Rogério Sottili: De forma nenhuma. O texto do Programa Nacional de Direitos Humanos (PNDH-3) não sofreu qualquer alteração. É a partir dele que continuaremos trabalhando. Nessa perspectiva, o decreto assinado pelo presidente Lula no dia 13 de janeiro, criando o grupo de trabalho que vai elaborar o anteprojeto para instituir a Comissão Nacional da Verdade, é a primeira medida concreta para implementar o PNDH-3. Pretendemos cumprir os prazos estabelecidos e encaminhar ao Congresso Nacional o anteprojeto de lei, esperando que seja aprovado pelos legisladores como um grande avanço democrático.
Carta Maior: Diante da reação conservadora, há alguma chance de avanço no país do debate sobre os crimes cometidos durante a ditadura (tortura e desaparecidos)?
Rogério Sottili: A proposta de criação da Comissão da Verdade já é fruto de um amplo debate sobre isso, o que mostra que o Brasil quer e está preparado para discutir esse tema, a sociedade quer conhecer sua história. É um avanço civilizatório.

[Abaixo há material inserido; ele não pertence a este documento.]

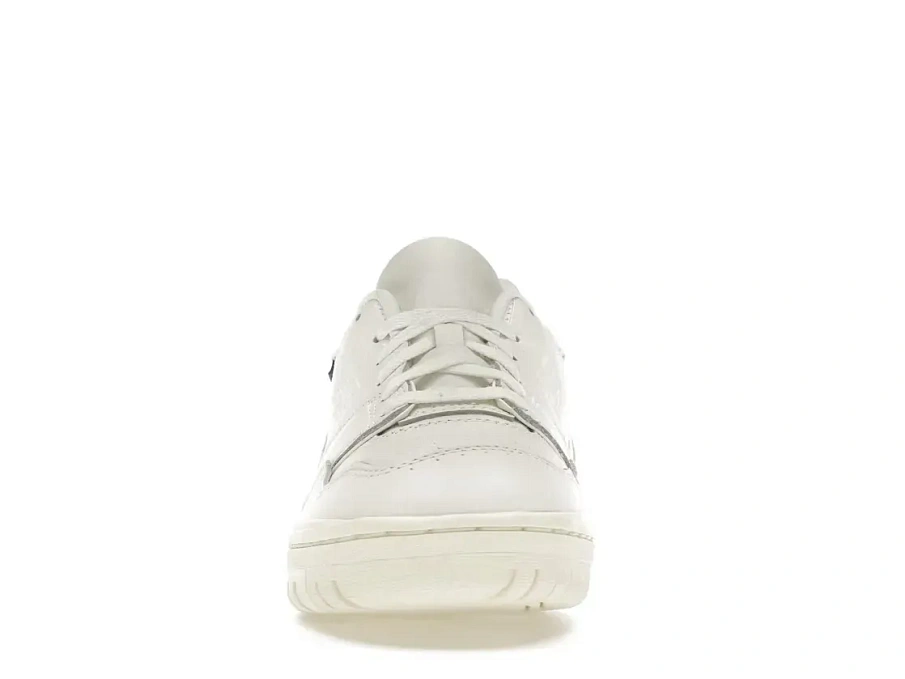 Фото № 2 с приближением к товару «‎New Balance 550»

Sobre a interpretação da abrangência da Lei da Anistia, isso será debatido e julgado no Supremo Tribunal Federal (STF), na arquição de Descumprimento de Preceito Fundamental proposta pela Ordem dos Advogados do Brasil (OAB).
Carta Maior: Qual sua opinião sobre a participação da chamada grande imprensa neste episódio?
Rogério Sottili: Boa parcela da grande mídia não teve interesse no tema durante todo o seu processo de construção, uma anomalia que se torna regra para temas importantes discutidos pela sociedade.
A mídia demorou 18 dias para descobrir a importância do PNDH-3 por absoluta falta de aptidão para temas que saiam da área econômica, onde seus interesses estão, geralmente, concentrados. Todo o processo público de elaboração do documento, que levou um ano até a realização da 11ª Conferência Nacional dos Direitos Humanos, dezembro de 2008, foi ignorado, como acontece com a maioria das conferências realizadas no Brasil.
Diante deste quadro preocupante de desinformação, as novas mídias tiveram o papel de reduzir danos e dinamizar a mobilização da sociedade em torno do tema.
Carta Maior: Como responderia à "acusação" de revanchismo, levantada pelos adversários da proposta da Comissão da Verdade?
Rogério Sottili: Não há revanchismo em buscar a verdade. O Direito à Memória e à Verdade é um direito fundamental, inquestionável, garantido pela Constituição. Ninguém está debatendo punição. Enfrentar esse tema, conhecer a verdade é essencial para virarmos essa página da história de forma transparente e evitar que ela não se repita.